He creado el Blog para compartir mi admiración por este singular escritor español, creador de un mundo propio, poético e inquietante, de una obra que trasciende los límites del género breve, del simbolismo y de la literatura fantástica. (Marina Tapia)

lunes, 10 de junio de 2024

Feliz por esta contribución al último número de la revista Litoral, un espléndido monográfico sobre los faros. Y además haciendo compañía a Carlos Edmundo de Ory, al que en su momento tuve el honor de otorgar el II Premio Internacional A. F. Molina al Espíritu Patafísico. Os dejo con mi viejo relato (lo escribí hace casi cuarenta años).







BIOMÓRFICO CANAL TRECE


    El farero se pasó los dedos por los labios: necesitaba un trago. Se sirvió ginebra rebajada con agua y volvió a echarse lánguidamente en la mecedora, frente al televisor encendido. Había permanecido así casi toda la noche, como todas las noches anteriores desde que se hizo cargo del puesto, las pupilas inmóviles, fijas, plegadas en su cautiverio de anodinos programas y pésimo cine, pugnando por evitar los insoportables clavos con que la monotonía remachaba insistente sus horas.
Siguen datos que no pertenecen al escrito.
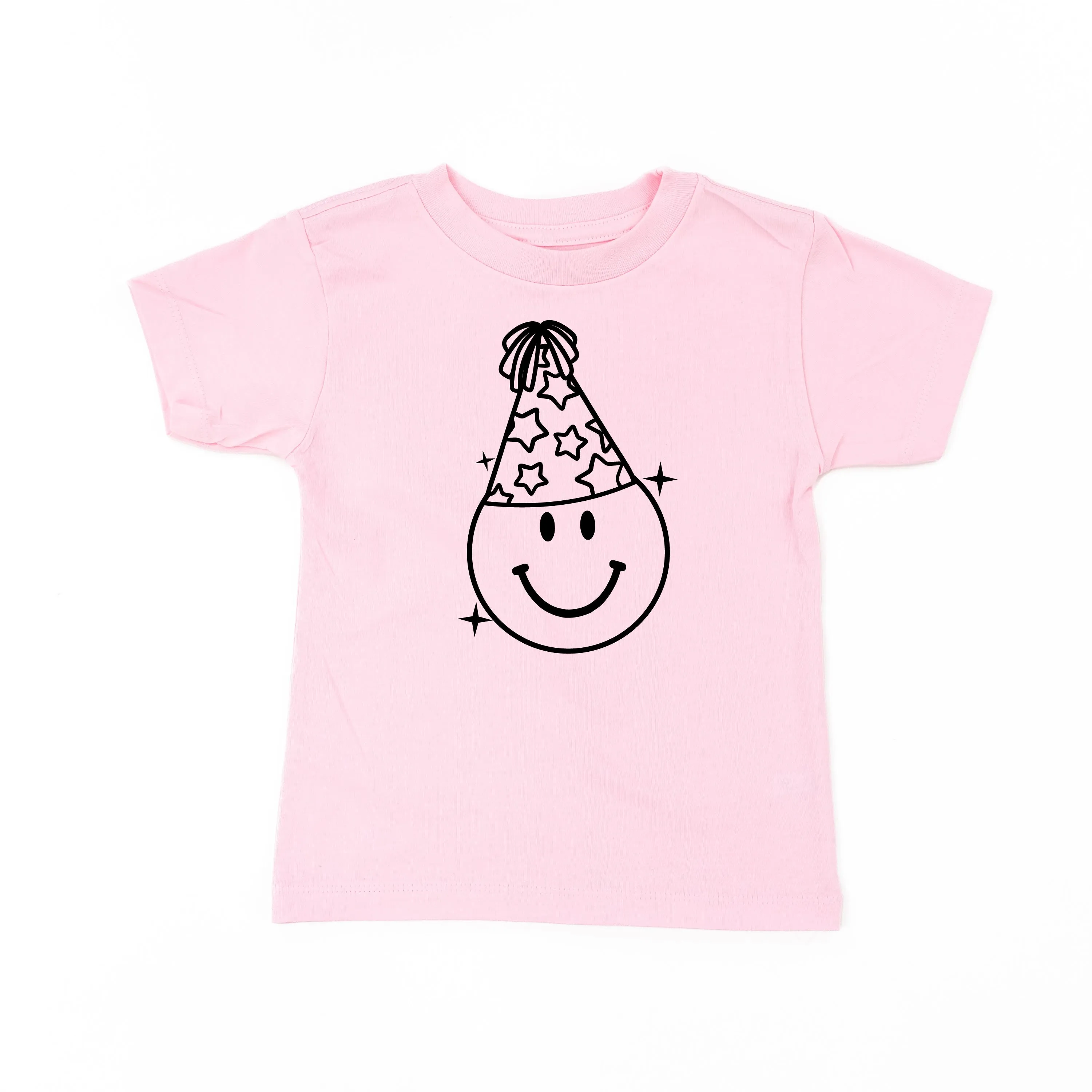 Seasonal Smiley Face CHILD Tees - 10 PACK - Short Sleeve Shirt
El último farero, flemático y experimentado noctámbulo, le previno que nunca desconectara el aparato y, aunque el no desoyó el consejo, optaba simultáneamente por otras acciones para contener esa soledad infinita que se filtraba a través de cada poro: seguir el acrobático vuelo de una mosca, fumar hasta desbordar el cenicero, acodarse en el frío de la barandilla exterior y pensar en Irene o contemplar la líquida desolación que se extiende hasta la línea del continente africano, mar velado esta noche por una gélida y profunda niebla y escarpado por un violento oleaje. Hacía meses que el farero no veía a Irene, ni sabía nada de ella. Le asaltó una idea subyugadora. Se acercó a la mesa, abrió el cajón donde guardaba los prismáticos, la brújula, los Alka-Seltzer y los cigarrillos, y arrancó tres hojas en blanco del cuaderno de notas en que consignaba la memoria semanal: le escribiría una carta. Distraídamente, con el aire decidido que le procuraba su nueva y salvadora ocupación -aunque sintiendo de forma vaga la profanación de una costumbre, la violación de una regla no escrita-, el farero apagó el televisor, desconectó el cuadrado azul y electrificado del televisor, del Ojo Único, de la Luz Que Guía En La Oscuridad.

    Esa noche, desamparados y ciegos en mitad de la niebla marina, después de hacer crujir sus cascos en inútiles virajes, los barcos se estrellaron contra los furiosos rompientes de la costa, y las borboteantes esquirlas de espuma no hallaron entre las olas el tembloroso destello con el que siempre jugaban.